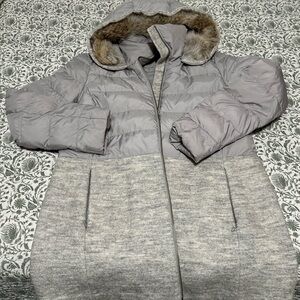Gray winter coat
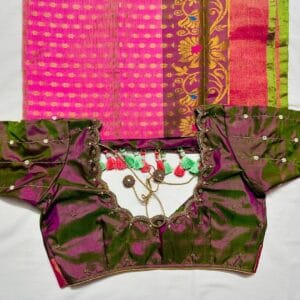 Cut Work With Beads Maggam Work
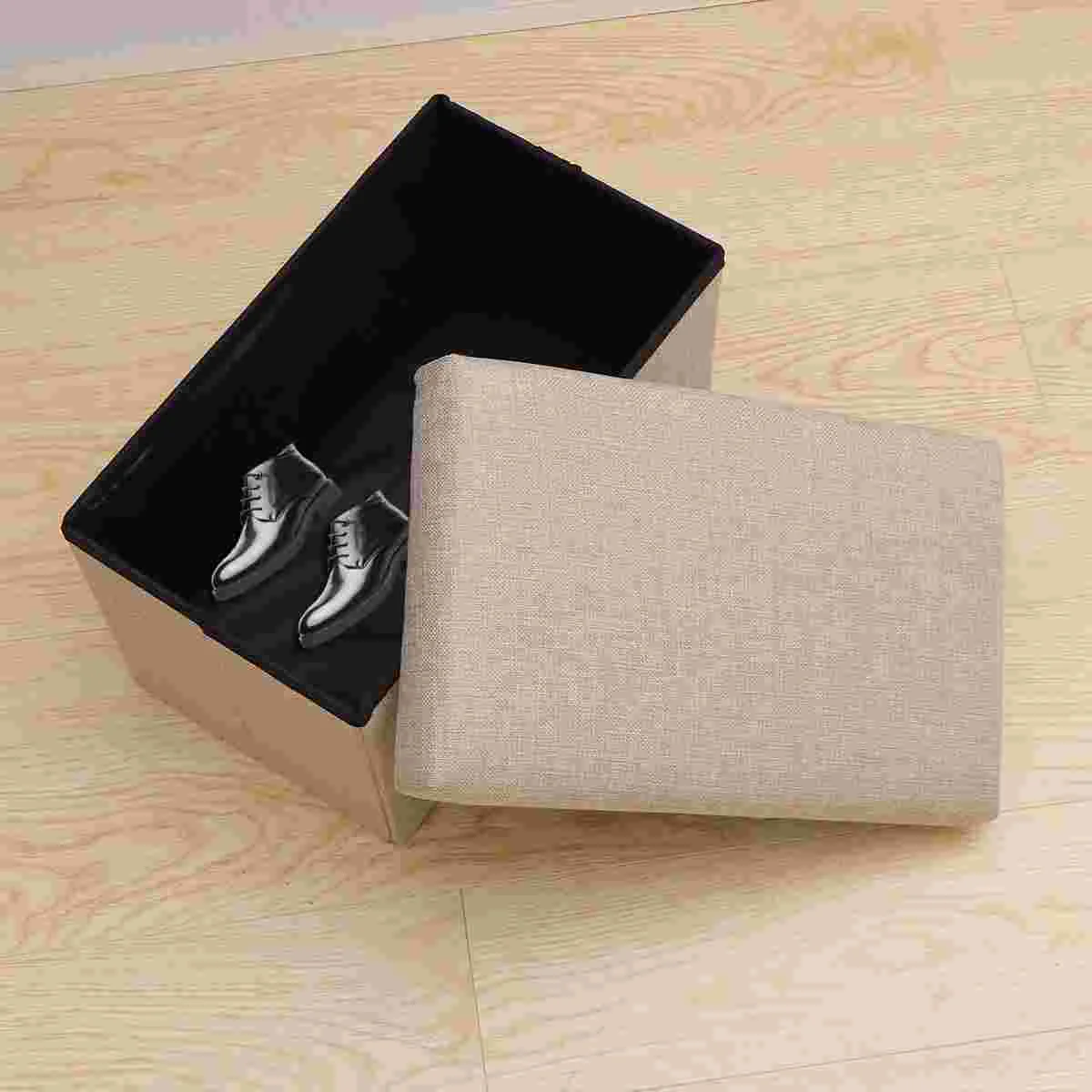 

Складной ящик для хранения, 1 шт., ящик для хранения, ящик для хранения с подставкой для ног, табурет для гостиной, спальни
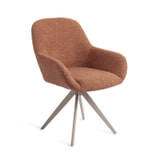 Jesper Home Draaibare Eetkamerstoel 'Kushi' Turn Beige, kleur Amber Autumn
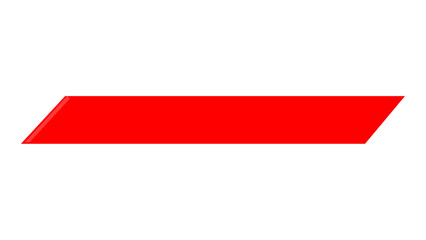 Modern designed lower third in red colors and white colors.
====================
Task prompt | Please transcribe every entry exactly as written, leaving the pictures out.

Expected answer |
Gray winter coat
 Cut Work With Beads Maggam Work

Складной ящик для хранения, 1 шт., ящик для хранения, ящик для хранения с подставкой для ног, табурет для гостиной, спальни
 Jesper Home Draaibare Eetkamerstoel 'Kushi' Turn Beige, kleur Amber Autumn
 Modern designed lower third in red colors and white colors.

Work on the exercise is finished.